INPUT RECORDS:
[Start of Attachment]

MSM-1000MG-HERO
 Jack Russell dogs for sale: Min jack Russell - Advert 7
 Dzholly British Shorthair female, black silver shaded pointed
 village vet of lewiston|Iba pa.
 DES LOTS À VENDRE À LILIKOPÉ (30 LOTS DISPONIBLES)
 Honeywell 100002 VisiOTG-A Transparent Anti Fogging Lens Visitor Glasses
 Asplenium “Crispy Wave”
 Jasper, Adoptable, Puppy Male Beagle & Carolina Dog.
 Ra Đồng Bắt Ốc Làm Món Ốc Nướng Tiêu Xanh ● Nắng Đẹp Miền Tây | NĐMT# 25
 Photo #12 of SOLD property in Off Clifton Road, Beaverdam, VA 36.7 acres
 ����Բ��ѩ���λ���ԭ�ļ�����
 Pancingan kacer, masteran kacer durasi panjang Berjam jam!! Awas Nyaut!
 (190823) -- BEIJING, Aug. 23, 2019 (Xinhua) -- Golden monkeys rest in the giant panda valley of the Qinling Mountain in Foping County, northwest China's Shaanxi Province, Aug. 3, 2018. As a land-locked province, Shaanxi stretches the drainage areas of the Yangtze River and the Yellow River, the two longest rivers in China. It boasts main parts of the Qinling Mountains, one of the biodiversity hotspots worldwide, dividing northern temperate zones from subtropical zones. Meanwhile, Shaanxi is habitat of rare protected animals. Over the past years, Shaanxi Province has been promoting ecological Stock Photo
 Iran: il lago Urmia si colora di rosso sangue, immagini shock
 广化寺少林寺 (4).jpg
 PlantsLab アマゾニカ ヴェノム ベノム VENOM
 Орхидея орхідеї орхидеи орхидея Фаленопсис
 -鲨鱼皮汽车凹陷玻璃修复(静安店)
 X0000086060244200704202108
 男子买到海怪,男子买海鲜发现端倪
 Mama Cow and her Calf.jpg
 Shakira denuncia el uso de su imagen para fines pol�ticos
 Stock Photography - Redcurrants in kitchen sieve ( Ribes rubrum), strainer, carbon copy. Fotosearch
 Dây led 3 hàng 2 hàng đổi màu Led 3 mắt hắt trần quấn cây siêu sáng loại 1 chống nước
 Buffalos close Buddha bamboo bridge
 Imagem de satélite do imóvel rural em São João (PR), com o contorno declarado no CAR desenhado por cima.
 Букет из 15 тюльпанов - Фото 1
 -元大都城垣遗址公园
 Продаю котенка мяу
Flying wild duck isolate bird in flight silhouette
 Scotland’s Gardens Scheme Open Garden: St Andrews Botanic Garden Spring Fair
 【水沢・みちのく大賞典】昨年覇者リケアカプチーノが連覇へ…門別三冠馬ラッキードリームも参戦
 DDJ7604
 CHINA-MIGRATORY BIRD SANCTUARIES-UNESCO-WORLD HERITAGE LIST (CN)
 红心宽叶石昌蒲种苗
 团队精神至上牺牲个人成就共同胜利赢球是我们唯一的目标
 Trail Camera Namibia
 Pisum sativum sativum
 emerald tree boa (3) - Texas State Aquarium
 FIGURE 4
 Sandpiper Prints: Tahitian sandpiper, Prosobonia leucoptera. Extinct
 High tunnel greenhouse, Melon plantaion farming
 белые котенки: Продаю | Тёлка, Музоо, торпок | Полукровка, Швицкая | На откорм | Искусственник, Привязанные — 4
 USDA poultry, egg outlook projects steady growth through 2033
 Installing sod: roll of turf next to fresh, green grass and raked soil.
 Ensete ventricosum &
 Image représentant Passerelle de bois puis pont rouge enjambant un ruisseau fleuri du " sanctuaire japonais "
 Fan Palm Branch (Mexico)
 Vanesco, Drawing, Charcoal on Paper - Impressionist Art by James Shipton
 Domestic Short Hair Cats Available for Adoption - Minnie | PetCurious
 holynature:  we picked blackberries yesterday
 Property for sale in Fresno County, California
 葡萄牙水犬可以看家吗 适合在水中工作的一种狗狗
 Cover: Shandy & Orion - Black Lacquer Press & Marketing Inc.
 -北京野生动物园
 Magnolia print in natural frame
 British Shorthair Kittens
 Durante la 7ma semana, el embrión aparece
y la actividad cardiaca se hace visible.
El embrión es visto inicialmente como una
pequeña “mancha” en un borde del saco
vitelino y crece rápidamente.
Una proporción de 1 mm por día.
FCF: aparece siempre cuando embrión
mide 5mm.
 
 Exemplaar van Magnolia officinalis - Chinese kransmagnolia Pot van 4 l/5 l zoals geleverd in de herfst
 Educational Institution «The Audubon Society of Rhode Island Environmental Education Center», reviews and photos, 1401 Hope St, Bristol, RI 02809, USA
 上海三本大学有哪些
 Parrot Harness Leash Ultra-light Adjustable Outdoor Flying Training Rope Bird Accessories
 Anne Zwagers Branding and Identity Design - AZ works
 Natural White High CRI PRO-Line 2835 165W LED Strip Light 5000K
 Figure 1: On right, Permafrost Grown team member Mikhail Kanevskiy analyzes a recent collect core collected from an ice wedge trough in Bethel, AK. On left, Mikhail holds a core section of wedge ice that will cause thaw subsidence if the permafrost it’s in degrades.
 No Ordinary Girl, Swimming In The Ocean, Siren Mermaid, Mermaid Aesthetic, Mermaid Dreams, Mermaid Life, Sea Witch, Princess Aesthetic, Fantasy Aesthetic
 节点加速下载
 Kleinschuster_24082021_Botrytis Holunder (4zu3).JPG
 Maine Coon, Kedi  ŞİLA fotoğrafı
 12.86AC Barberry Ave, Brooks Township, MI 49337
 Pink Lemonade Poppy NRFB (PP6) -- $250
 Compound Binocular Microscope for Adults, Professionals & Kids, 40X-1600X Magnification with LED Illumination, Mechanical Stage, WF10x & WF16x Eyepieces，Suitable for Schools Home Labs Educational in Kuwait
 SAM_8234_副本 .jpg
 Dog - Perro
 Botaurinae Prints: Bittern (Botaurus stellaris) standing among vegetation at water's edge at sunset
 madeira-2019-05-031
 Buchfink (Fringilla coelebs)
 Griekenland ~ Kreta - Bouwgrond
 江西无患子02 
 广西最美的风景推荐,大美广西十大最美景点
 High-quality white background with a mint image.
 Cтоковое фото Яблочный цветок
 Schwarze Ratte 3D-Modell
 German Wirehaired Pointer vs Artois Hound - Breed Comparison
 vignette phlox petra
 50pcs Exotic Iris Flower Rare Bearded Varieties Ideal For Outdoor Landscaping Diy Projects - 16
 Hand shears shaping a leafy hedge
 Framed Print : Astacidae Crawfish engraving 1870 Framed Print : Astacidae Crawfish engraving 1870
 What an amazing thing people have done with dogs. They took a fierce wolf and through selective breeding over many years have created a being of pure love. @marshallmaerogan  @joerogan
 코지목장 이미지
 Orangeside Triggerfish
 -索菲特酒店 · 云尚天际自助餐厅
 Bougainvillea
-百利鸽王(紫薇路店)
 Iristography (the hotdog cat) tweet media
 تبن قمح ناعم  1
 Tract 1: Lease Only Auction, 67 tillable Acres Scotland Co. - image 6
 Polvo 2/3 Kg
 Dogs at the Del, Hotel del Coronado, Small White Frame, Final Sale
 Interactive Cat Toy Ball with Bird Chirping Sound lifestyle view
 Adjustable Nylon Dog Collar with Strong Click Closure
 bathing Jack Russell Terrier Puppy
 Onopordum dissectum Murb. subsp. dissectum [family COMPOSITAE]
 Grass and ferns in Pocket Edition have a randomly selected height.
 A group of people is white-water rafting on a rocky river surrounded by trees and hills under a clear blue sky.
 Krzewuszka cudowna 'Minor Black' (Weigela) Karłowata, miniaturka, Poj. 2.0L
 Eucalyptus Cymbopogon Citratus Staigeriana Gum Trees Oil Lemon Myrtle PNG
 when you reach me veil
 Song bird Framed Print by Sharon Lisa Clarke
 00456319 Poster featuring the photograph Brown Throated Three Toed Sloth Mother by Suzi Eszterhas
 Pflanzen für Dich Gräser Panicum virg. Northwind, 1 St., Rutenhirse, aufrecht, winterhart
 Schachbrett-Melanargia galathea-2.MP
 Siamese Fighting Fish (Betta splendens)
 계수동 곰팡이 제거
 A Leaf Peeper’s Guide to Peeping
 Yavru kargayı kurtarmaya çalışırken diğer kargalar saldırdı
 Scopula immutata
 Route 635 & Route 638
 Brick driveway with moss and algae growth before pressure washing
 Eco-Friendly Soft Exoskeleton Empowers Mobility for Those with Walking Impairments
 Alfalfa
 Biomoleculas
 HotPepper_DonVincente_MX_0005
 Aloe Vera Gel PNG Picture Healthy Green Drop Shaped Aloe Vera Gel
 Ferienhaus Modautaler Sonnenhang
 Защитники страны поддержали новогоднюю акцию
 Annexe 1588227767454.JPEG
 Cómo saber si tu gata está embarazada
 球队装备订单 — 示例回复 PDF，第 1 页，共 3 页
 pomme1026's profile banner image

[End of Attachment]

ACTIVITY: Read through the data and copy every line where "aparece" shows up.

WRITTEN SOLUTION:
 Durante la 7ma semana, el embrión aparece
FCF: aparece siempre cuando embrión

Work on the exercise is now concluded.